Work instructions:
A word-for-word copy of the listing is required, and it must contain no pictures.

Records supplied:
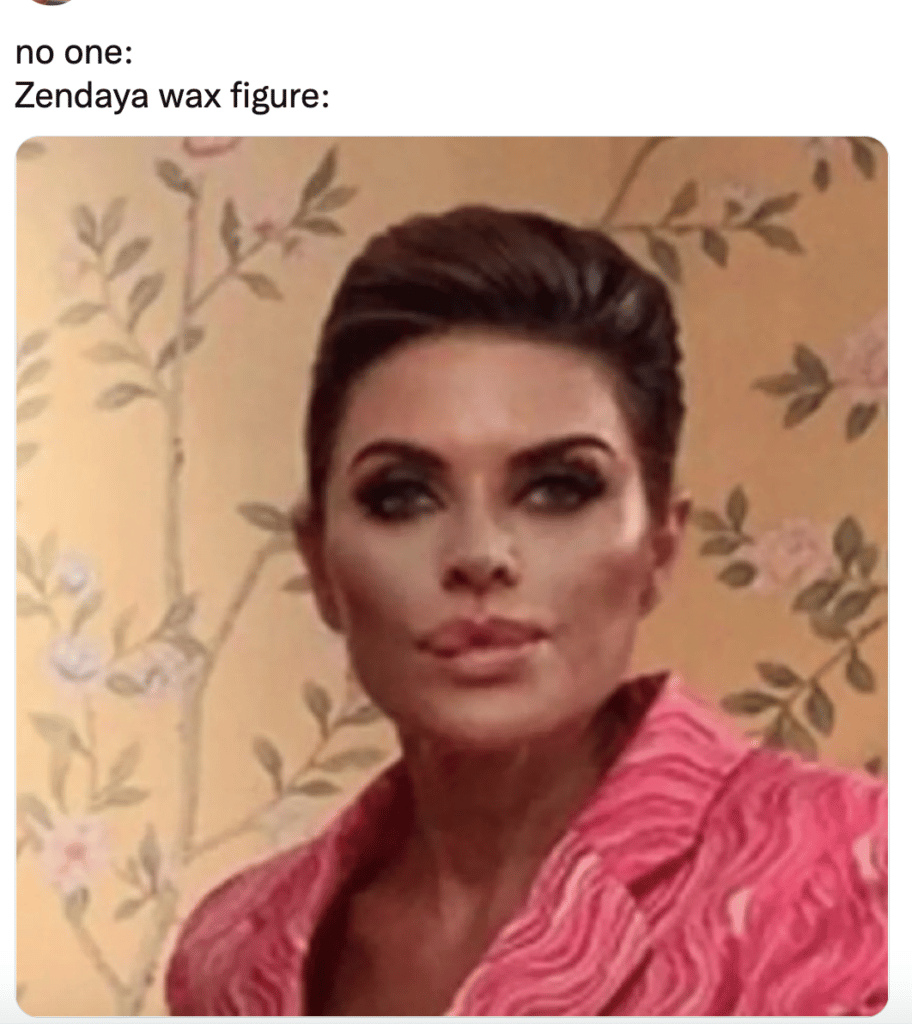 Wax figure with styled dark hair wearing a pink textured jacket against a beige floral wallpaper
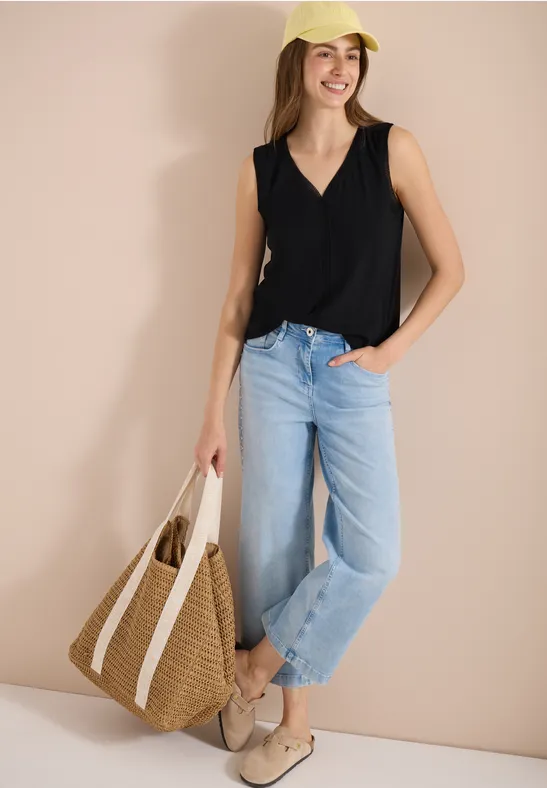 Frau trägt schwarzes Top, hellblaue Jeans, Loafers und hält eine Strohtasche vor beigem Hintergrund.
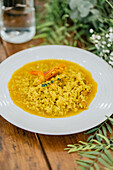 A vibrant plate of shrimp risotto, rich in color and flavor, sits invitingly on a rustic wooden table with a natural, floral backdrop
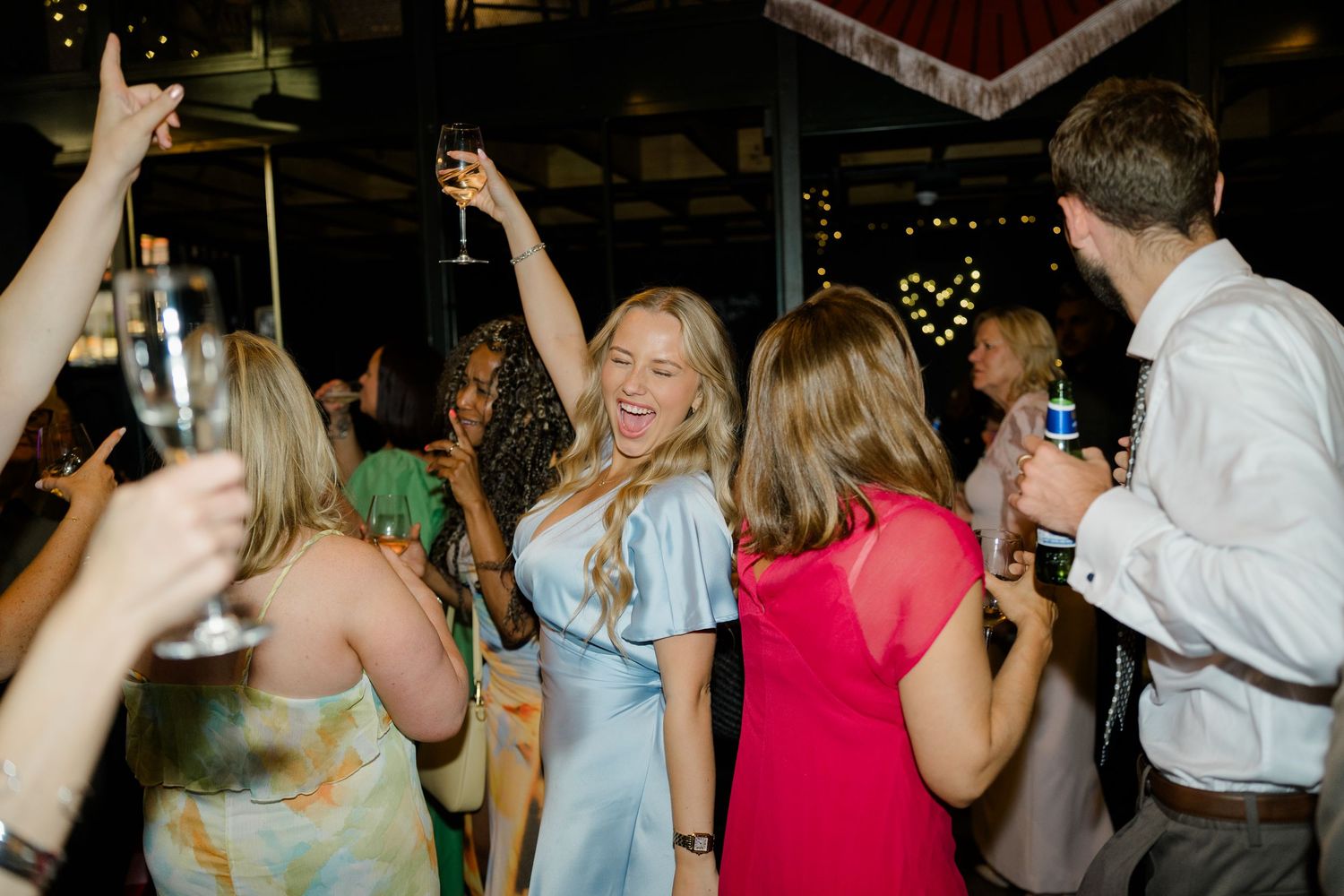 Guests celebrating and dancing at a lively wedding reception party with champagne glasses raised.
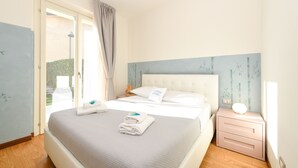 A bedroom with a bed, a nightstand, a window with curtains, and a view of the outdoors. - My Peschiera Holiday Apartment- Quadrivium 4 (Castelnuovo del Garda)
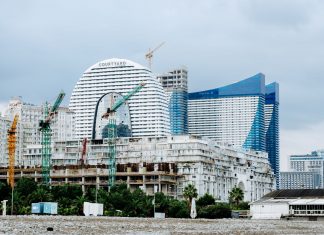 ÚLTIMA HORA: Aprueban complejo de 17 pisos con hotel en Marin Boulevard A modern waterfront cityscape showcasing construction cranes and urban skyline under a cloudy sky.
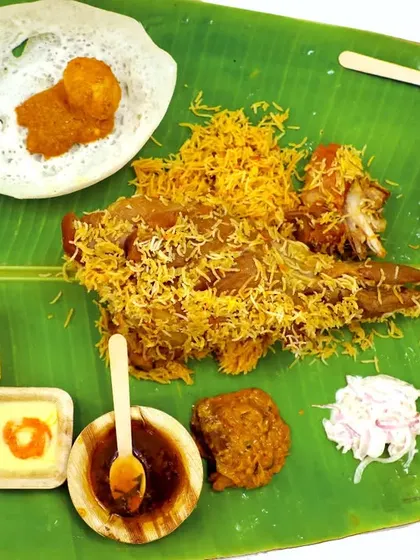 The complete Raja Virundhu plate, showcasing the variety we offer. From mutton leg and biryani to appam and sides, it's a full meal.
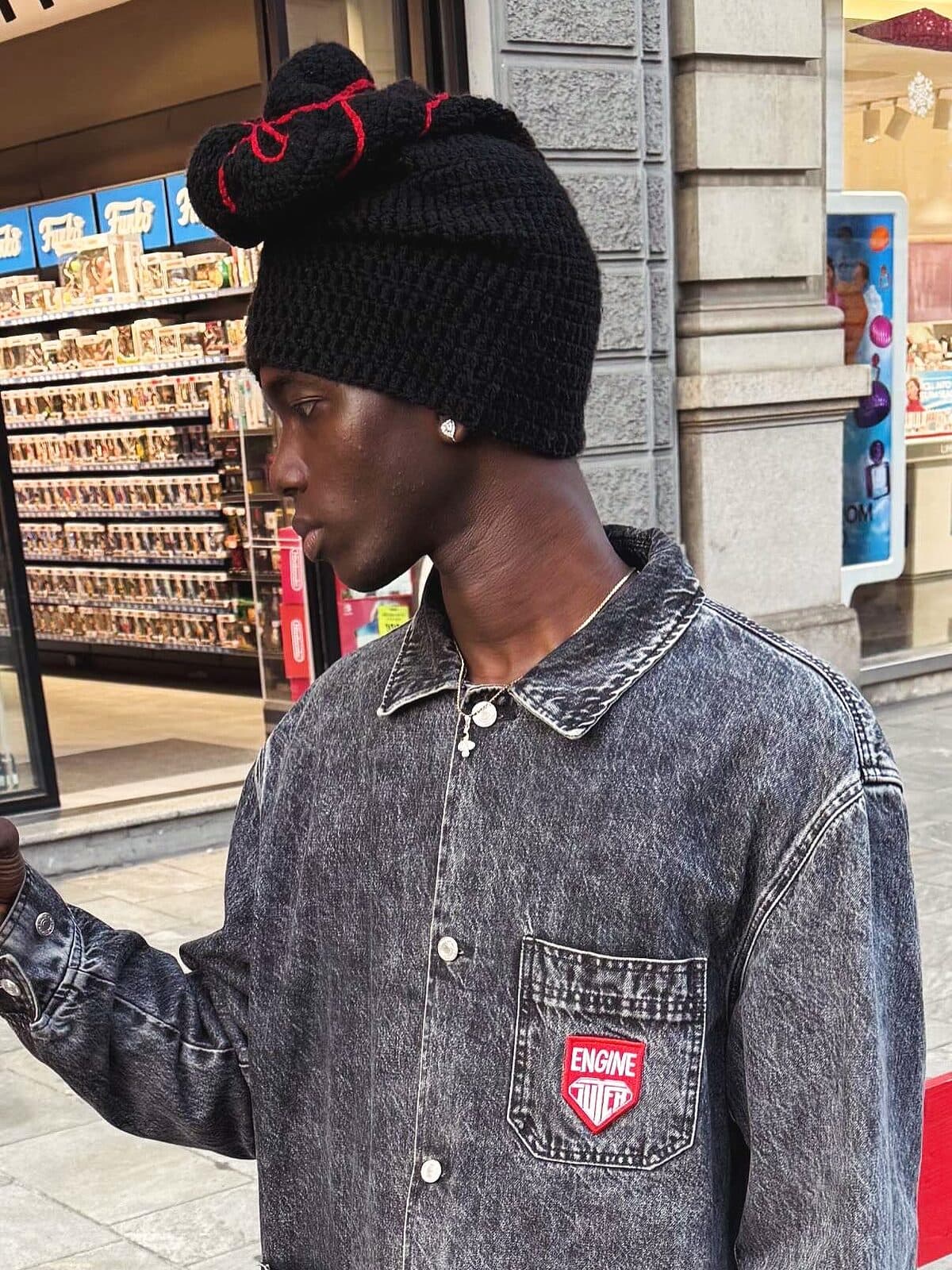 @ibrahtall porte le Bonnet Invention noir devant une vitrine, lumière du jour
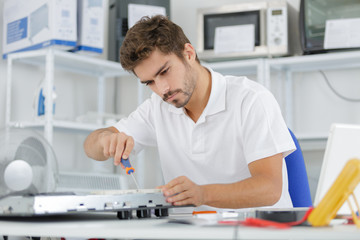 man installing induction hobs in a kitchen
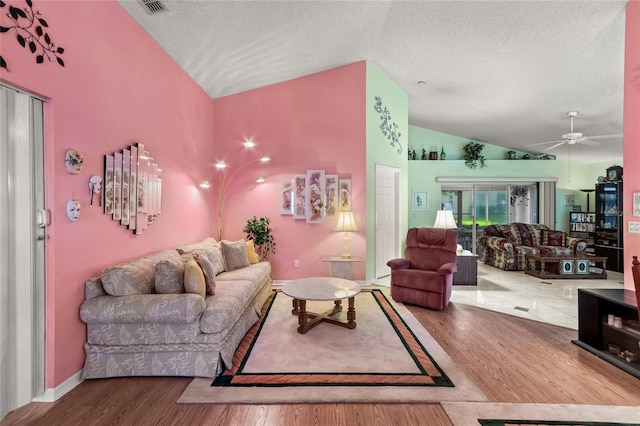 3603 Westerham Dr, Clermont, FL 34711 - living room with a textured ceiling, wood finished floors, ceiling fan, and lofted ceiling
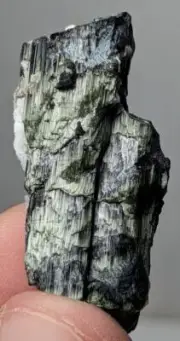 Natural unusual formation green chatoyant and etched tourmaline crystal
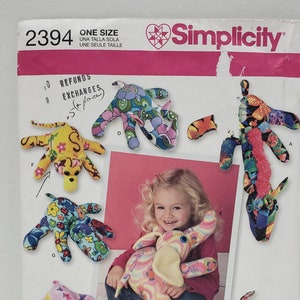 May include: A sewing pattern for making stuffed animals. The pattern includes instructions for making a variety of animals, including a unicorn, an elephant, a giraffe, and a rhino. The pattern is from Simplicity and is for one size. The pattern is called "Sonja's Snuggables".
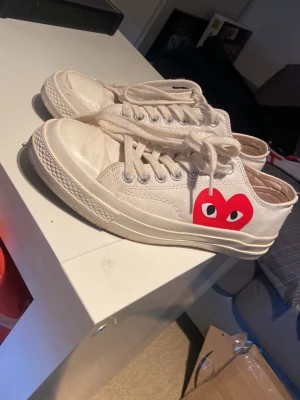 Vita Converse x CDG Play sneakers - Storlek 40 men sitter som 41 kanske till och med 42. Inga stora problem med skorna förutom lite smuts på skon, om det önskas så kan jag försöka få bort de innan jag skickar iväg de.
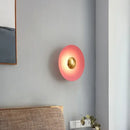 Colourful 30 cm Modern Circle Wall Light with Gold illuminating a contemporary room.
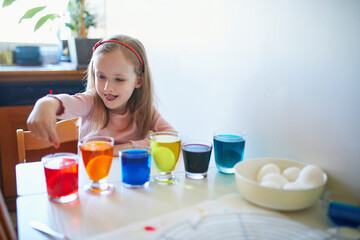 Adorable preschooler girl dyeing Easter eggs at home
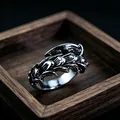 Macro shot of vintage silver metal ring featuring overlapping gothic feather design details - J331 Claw
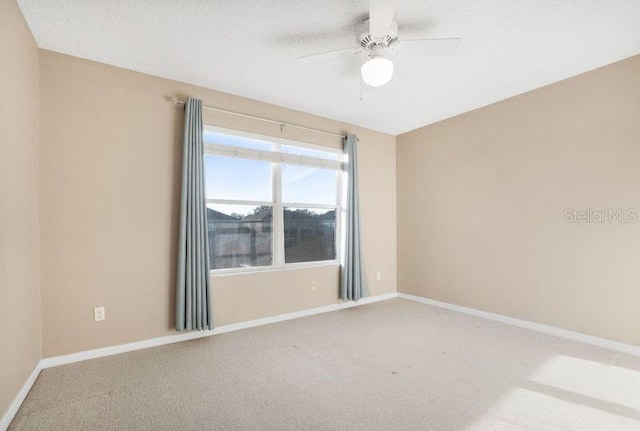 spare room featuring carpet, a textured ceiling, and ceiling fan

Output of the task:
 Wax figure with styled dark hair wearing a pink textured jacket against a beige floral wallpaper
 Frau trägt schwarzes Top, hellblaue Jeans, Loafers und hält eine Strohtasche vor beigem Hintergrund.
 A vibrant plate of shrimp risotto, rich in color and flavor, sits invitingly on a rustic wooden table with a natural, floral backdrop
 Guests celebrating and dancing at a lively wedding reception party with champagne glasses raised.
 A bedroom with a bed, a nightstand, a window with curtains, and a view of the outdoors. - My Peschiera Holiday Apartment- Quadrivium 4 (Castelnuovo del Garda)
 ÚLTIMA HORA: Aprueban complejo de 17 pisos con hotel en Marin Boulevard A modern waterfront cityscape showcasing construction cranes and urban skyline under a cloudy sky.
 The complete Raja Virundhu plate, showcasing the variety we offer. From mutton leg and biryani to appam and sides, it's a full meal.
 @ibrahtall porte le Bonnet Invention noir devant une vitrine, lumière du jour
 man installing induction hobs in a kitchen
 3603 Westerham Dr, Clermont, FL 34711 - living room with a textured ceiling, wood finished floors, ceiling fan, and lofted ceiling
 Natural unusual formation green chatoyant and etched tourmaline crystal
 May include: A sewing pattern for making stuffed animals. The pattern includes instructions for making a variety of animals, including a unicorn, an elephant, a giraffe, and a rhino. The pattern is from Simplicity and is for one size. The pattern is called "Sonja's Snuggables".
 Vita Converse x CDG Play sneakers - Storlek 40 men sitter som 41 kanske till och med 42. Inga stora problem med skorna förutom lite smuts på skon, om det önskas så kan jag försöka få bort de innan jag skickar iväg de.
 Colourful 30 cm Modern Circle Wall Light with Gold illuminating a contemporary room.
 Adorable preschooler girl dyeing Easter eggs at home
 Macro shot of vintage silver metal ring featuring overlapping gothic feather design details - J331 Claw
 spare room featuring carpet, a textured ceiling, and ceiling fan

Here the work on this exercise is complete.